I swear, I did not mean to write an essay. I actually have an actual English essay I should be writing. Instead, I'm writing some science shit. Maybe I'll try spiffying it up later and seeing if my Bio teacher would give me some extra credit points on it.
Today, as I was walking home from school, I witnessed a not-too-extraordinary event. A little black dog, all sleek and skinny and seemed to be about knee-height or something, ran onto the street. That wasn't too remarkable, considering that we're in a suburb, so animals do shit like that from time to time. However, these two girls suddenly ran onto the streets after the dog.
Anyways, that event made me think. It made me wonder about the compassionate nature of humans and the effect of efficient transportation on these certain genetics.

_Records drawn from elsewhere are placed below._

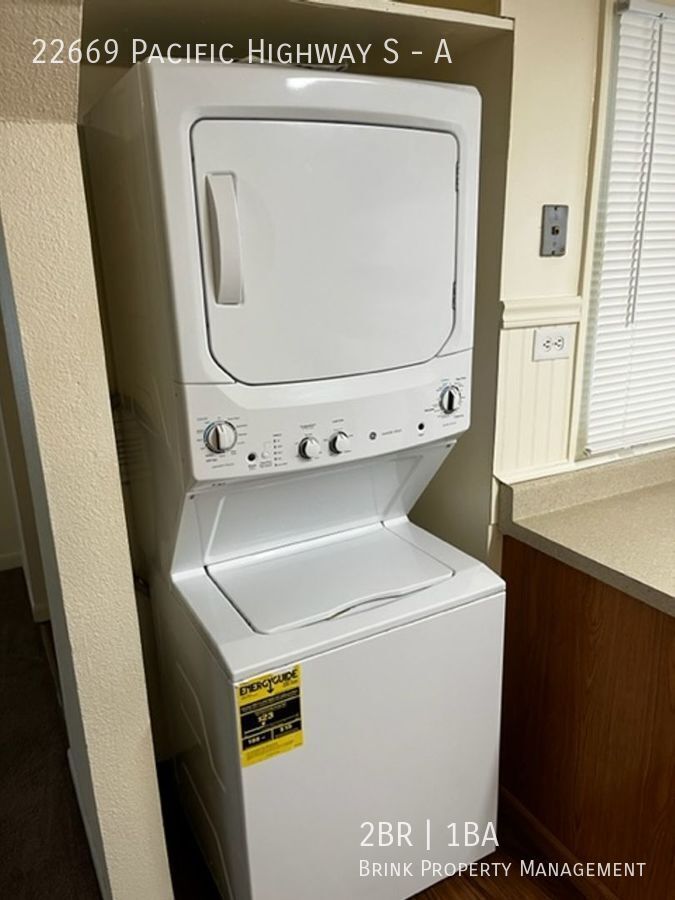 1 Month Free Move In Special!! Quiet & Spacious 2BR Duplex-Style Apartment in Small Complex!! property image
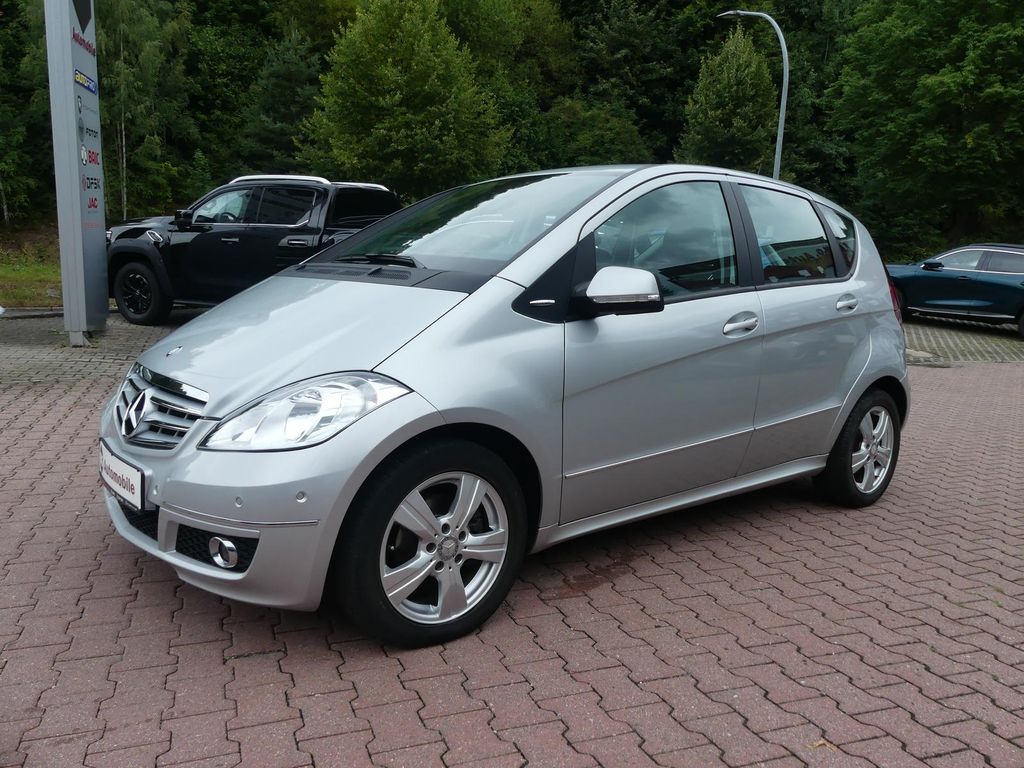 Bild des Angebotes Mercedes-Benz A 180*Avantgarde*Automatik*Klima*Sitzhzg*PDC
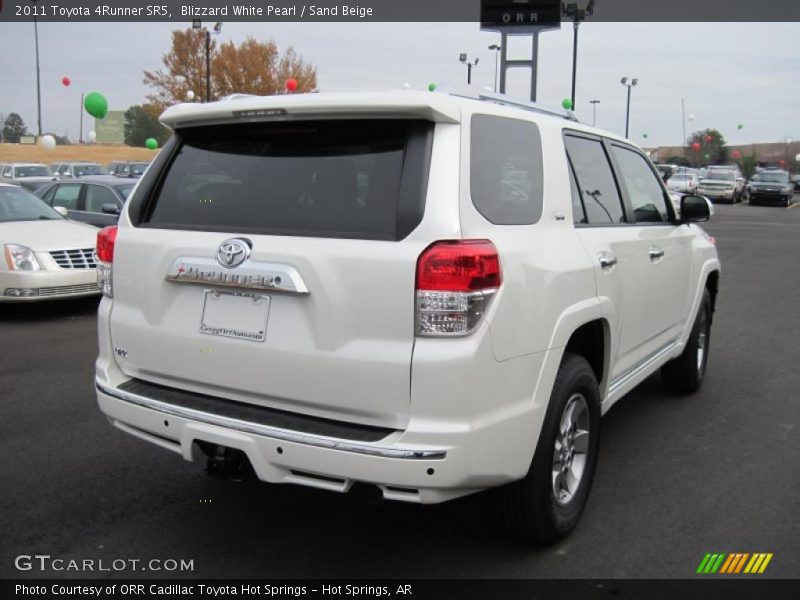Blizzard White Pearl / Sand Beige 2011 Toyota 4Runner SR5
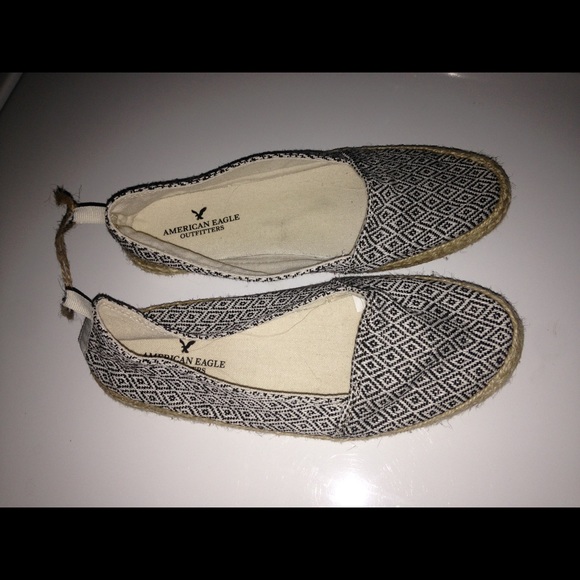 Black and White flats - Picture 2 of 3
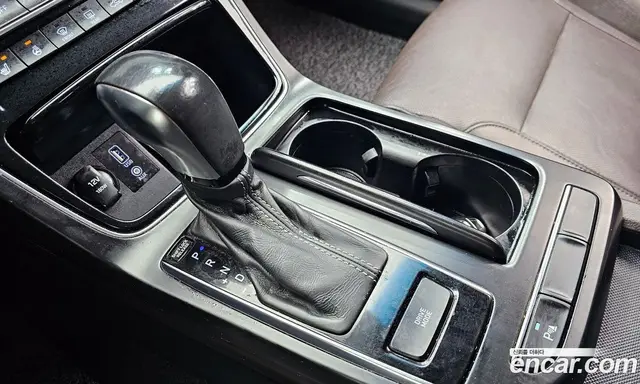 Hyundai Grandeur 2017 2.4 автомат (гидро), миниатюра 9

Evidence of modernization affecting age-old genes coded for survival has already been unearthed. For example, the act of being nervous or anxious is caused by Fight-or-Flight, a mechanism that assisted our ancestors in confrontations with danger, in which they can engage combat, and hopefully bring home some meat for the tribe, or run like hell out of there. Nowadays, the mechanism continues to resurface when humans are faced with danger, the problem being that modern society chipped at physical issues in the world and instead piled on mental and emotional troubles, caused worse by the very symptoms meant to help.
In a similar vein, compassion is also a genetic mechanism meant to aide survival. Organisms are, by nature, "programmed" to be helpful those within their
species during opportune moments in order to ensure the passing of the
species' genes. Some species form symbiotic relations that cause them
to assist each other in the name of survival. However, for the most
part, the majority of organisms care only for themselves and, at times,
members of their own species.
Certain organisms within certain species, such as humans and dogs, have a special kind of compassion that extends to more than a few species outside of their own. Both humans and dogs have shown again and again an overwhelming sense of kindness that cause them to even risk their own lives for others.
For dogs, I can kind of understand. This compassion stems from loyalty. After having to live with certain people or cats or dogs or mice or rabbits or whatever lives in your house, they (Probably. In good cases.) begin to tolerate each other, and eventually end up caring about each other, to the point of being willing to risk a life for each other. Those members of that household had become a non-related family, and therefore have breached the idea of species to include each other as "their own kind".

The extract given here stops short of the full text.